Le Don paisible est un classique du cinéma basé sur le roman éponyme de Mikhaïl Cholokhov. Ce film soviétique de 1957 a été réalisé en trois parties par Sergueï Guerassimov. Il a depuis passé l’épreuve du temps et reste pertinent sur de nombreuses réflexions.

En 1965, l’éminent écrivain soviétique a reçu le prix Nobel de littérature pour son roman épique, salué comme l’un des ouvrages littéraires russes les plus importants du XXe siècle.

Pour faire court, Le Don paisible est un drame historique narrant les vies de cosaques du Don lors de la Première Guerre mondiale et la guerre civile russe. La saga a été comparée à Guerre et Paix de Tolstoï par son ampleur et sa grandeur. Le réalisme de Cholokhov est en effet exceptionnel. Les descriptions qu’il fait de la guerre peuvent vous donner la chair de poule. Le roman est inondé de souffrance, de sang, de peur, d’amour et de haine. Et il est rare qu’une adaptation ne perde rien du livre en ce qui concerne le drame, la passion et la douleur.

Vassa, de Gleb Panfilov

Inna Tchourikova livre une performance remarquable dans Vassa, film réalisé par son mari Gleb Panfilov et basé sur la célèbre pièce de Maxime Gorki. L’actrice, qui est renommée pour sa forte présence scénique, interprète le rôle-titre de Vassa Geleznova. Sa réputation la précède : Vassa est une dame de fer, la quintessence de la force, du pouvoir, et de l’endurance.
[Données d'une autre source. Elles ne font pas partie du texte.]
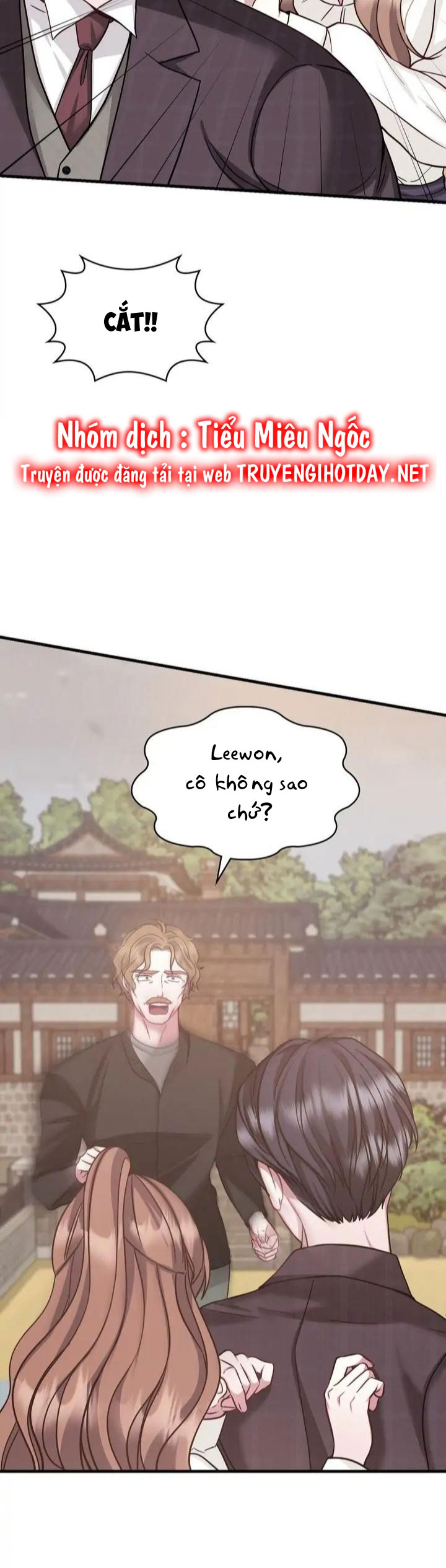 ngày mai chỉ có một lần chapter 23 16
Sur le papier, la marchande a tout ce dont on peut rêver : richesse, famille, statut, connexions sociales et respect. En réalité, le mari de Vassa est un libertin, son frère est un pécheur qui dilapide sa fortune, tandis que ses enfants ne sont pas intéressés à l’idée de reprendre le flambeau de l’affaire familiale. Aucune somme d’argent ne peut acheter l’harmonie ou l’espoir à cette millionnaire de caractère.

Toutefois, le film de 1982 dresse un portrait de Vassa, non en tant que femme forte qu’il vaut mieux ne pas contrarier, mais comme une personne incapable de transformer l’énergie de sa souffrance en énergie d’existence. Il s’agit là effectivement du talon d’Achille de Vassa.